AUT’s 2019 engineering student project exhibition
More than 150 research and design projects were showcased at this years event, spanning a broad range of engineering disciplines including Mechanical, Electrical & Electronic, Mechatronics, Software, Construction, and more. Many of the projects were carried out in collaboration with Industry and related to practical design and applied technology.
This year, our sponsored prize was awarded to Amjad Mohideen, Kurt Russell and Wen Jun See for their project “TIG Welding of Boron/Boron Free Steels”.
The aim of this project was to investigate the effects of Boron addition in steels, and in particular its effect on heat affected zone and on mechanical properties.
Two different steels were used, namely HT590 (without Boron) and HT780 high tensile steel containing Boron. Welding was performed using Gas Tungsten Arc Welding – GTAW or Tungsten Inner Gas (TIG). Three types of welding were tested including (i) single bead, (ii) partial overlap, and (iii) alongside.
HT590 unwelded samples seemed to have less tensile load and increased ductility in comparison with HT780 steels. The overall tensile strength of the materials decreased after welding.
The HT780 single weld sample showed the best micro hardness results overall followed by overlap then alongside weld samples. The single weld samples demonstrated an increase in microhardness within the heat affected zone when compared to the base material. However, for overlap and alongside welded samples, there was a reduction in the microhardness within the heat affected zone when compared to the base material due to the heat affected zones overlapping each other.
UoA’s Department of Mechanical Engineering Final Year Project Displays
This event provided an opportunity for students to work largely on their own initiative (under supervision) on a particular topic of interest in Mechanical Engineering or Mechatronics, and took place over a complete academic year.
The aim was to allow participants to undertake problem formulation, management and solution, acquire technical, personal and professional competencies and learn and practice communication skills.
At this event, we were proud to present our sponsored prize to Ravindra Anurithan and Joseph Tildesley for their project on “Design and Manufacture of Compliant Structures for in-road Wireless Electric Vehicle Charging Solutions”.

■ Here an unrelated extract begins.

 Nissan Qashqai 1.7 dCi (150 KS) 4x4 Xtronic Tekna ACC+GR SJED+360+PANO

Inductive Power Transfer (IPT) is a technology that has been developed by the University of Auckland’s Power Electronics Group for wireless transfer of power.
This project is part of a five year, multi-institutional project focused on the charging of Electric Vehicles, specifically on building IPT components (“pads”) into roadways. Conventional IPT charging pads employ ferrite blocks to shape magnetic fields, but these materials are brittle ceramics, which may easily crack under road loading conditions. Teplacing the brittle ferrite blocks with Soft Magnetic Composites (SMCs), which have higher strain to failure properties than ferrite blocks.

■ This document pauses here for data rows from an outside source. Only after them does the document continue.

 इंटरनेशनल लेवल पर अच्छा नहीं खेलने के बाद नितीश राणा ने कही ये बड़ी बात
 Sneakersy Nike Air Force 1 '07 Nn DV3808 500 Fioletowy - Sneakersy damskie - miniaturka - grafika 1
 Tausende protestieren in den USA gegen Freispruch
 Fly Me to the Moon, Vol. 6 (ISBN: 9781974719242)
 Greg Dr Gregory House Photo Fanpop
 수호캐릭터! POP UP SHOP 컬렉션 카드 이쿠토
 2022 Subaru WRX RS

SMCs were manufactured with the same volume fractions of ferrous metal powder and polyurethane resins, from three different material combinations (Iron-sand/Electrolube, Crushed Ferrite/Electrolube and Crushed Ferrite/Wevo). The mechanical and thermal properties of these composites were assessed to evaluate their suitability for in-road IPT application.

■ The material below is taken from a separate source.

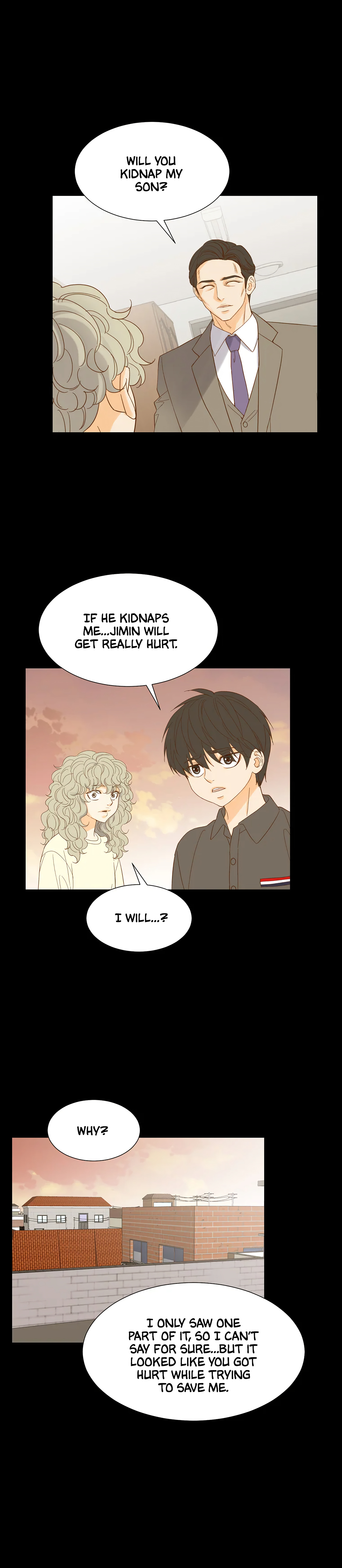 Hana’S Choice Chapter 40 - Picture 1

The results demonstrated the SMCs to have elastic behaviour until 0.5% strain, which is significantly greater than the failure strain of ferrite blocks. In fact, all SMCs had a higher tensile strain to failure than blocks of ferrite. The Crushed Ferrite/Electrolube SMC had highest flexural strain to failure, highest maximum strain to failure together with greatest heat dissipation capability. Small scale IPT pads were built and tested using two of the SMCs, results demonstrating the feasibility of pads without ferrite, while more work needs to be done to improve the magnetic properties of these composite materials.